Louis Lehot and Christopher Swift Discuss Shift in U.S. Foreign Investment Paradigm

30 August 2023 IFLR News

Foley & Lardner LLP partners Louis Lehot and Christopher Swift are quoted in the IFLR article, “Biden executive order changes foreign investment paradigm,” offering their assessment of President Biden’s recently issued executive order restricting investment in national security technologies and products in countries of concern.

The new order bans investments in key technological sectors including artificial intelligence, quantum computing, and advance semiconductors while also requiring U.S. citizens to disclose certain transactions involving foreign parties.

“The novelty in the new executive order is the imposition of a regime to review outbound rather than inbound investments, which is currently being done through CFIUS [Committee on Foreign Investment in the United States],” said Lehot. “The regime purports to regulate the flow of capital outside the U.S. and into China.
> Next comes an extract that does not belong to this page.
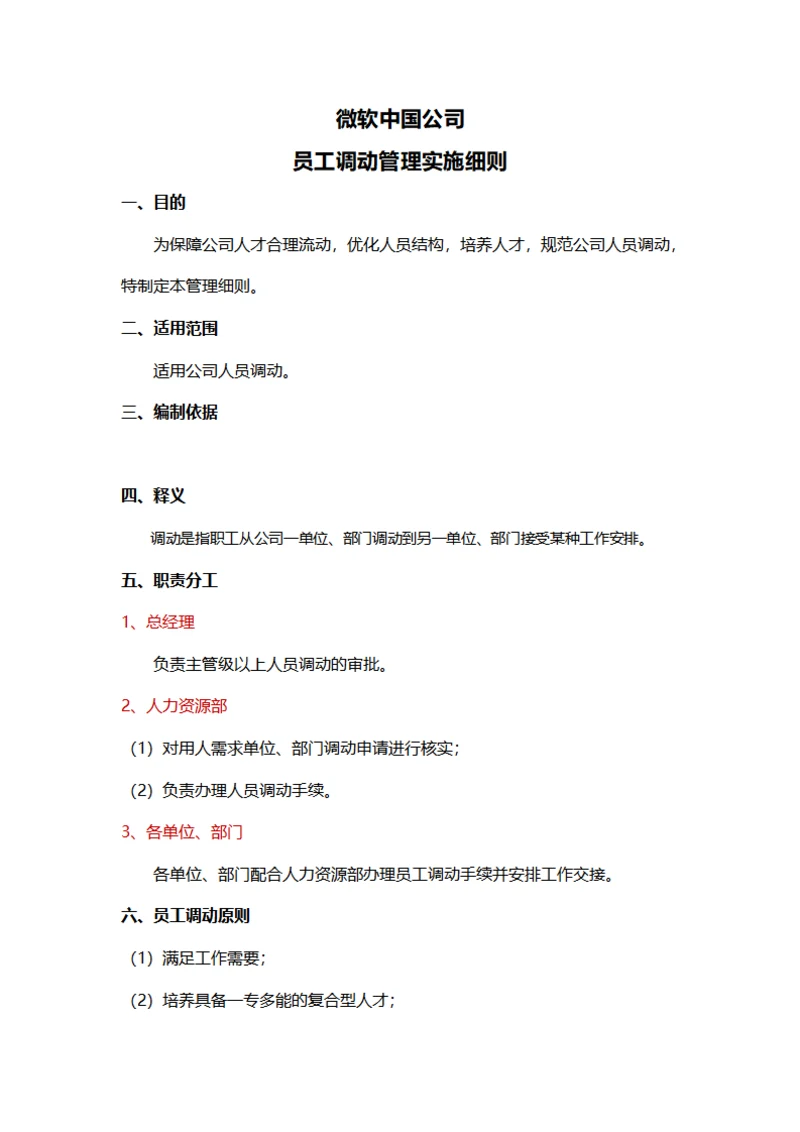 员工调动管理实施细则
The other novelty is that it attempts to regulate both investments and expertise, which will be a challenge to implement.”
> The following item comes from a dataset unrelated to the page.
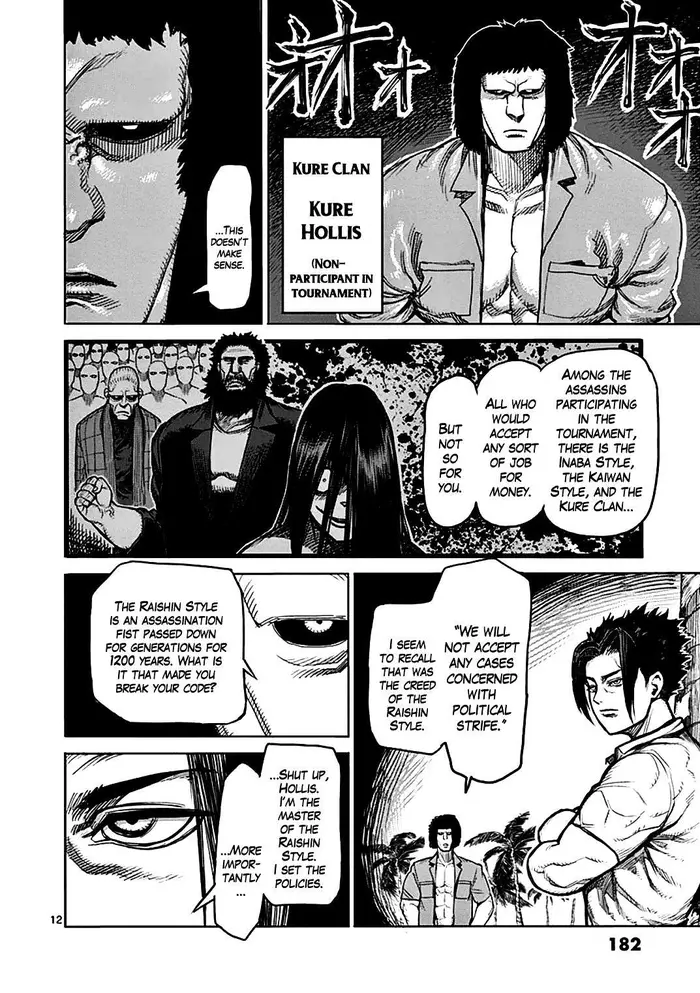 Kengan Ashura Chapter 40 image 13_optimized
“This is one of the few areas where Congress and the executive branch are fully aligned and where there is little substantive difference between the Democratic and Republican parties, so it is reasonable to expect future developments as well as a broadening of the scope of industries and technologies prioritized for review,” Swift explained. “However, even when there are clear executive orders and implemented regulations, the U.S. national security community tends to develop novel interpretations that push the boundaries of what the law appears to require. It’s important for investors to keep this in mind and work with experienced legal counsel rather than just following the headlines.”
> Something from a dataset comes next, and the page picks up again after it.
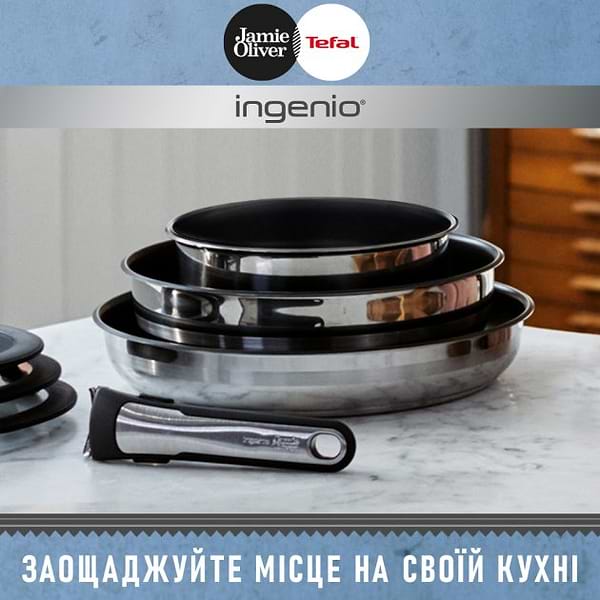 Фото - Набор посуды со съемной ручкой Tefal L9569032 Ingenio Jamie Oliver 5 пр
“For those already invested in China, the executive order as publicly announced offers some relief, as it does not purport to regulate prior investments in China nor does it call for divestment,” added Lehot.

Swift commented that China tends to take a reciprocal approach in situations like this, however, he concluded that, “There is a degree of mutual dependency here, and even if China and the U.S. both intend to go the wrong way, this conscious decoupling is complicated and uncomfortable for both of them.”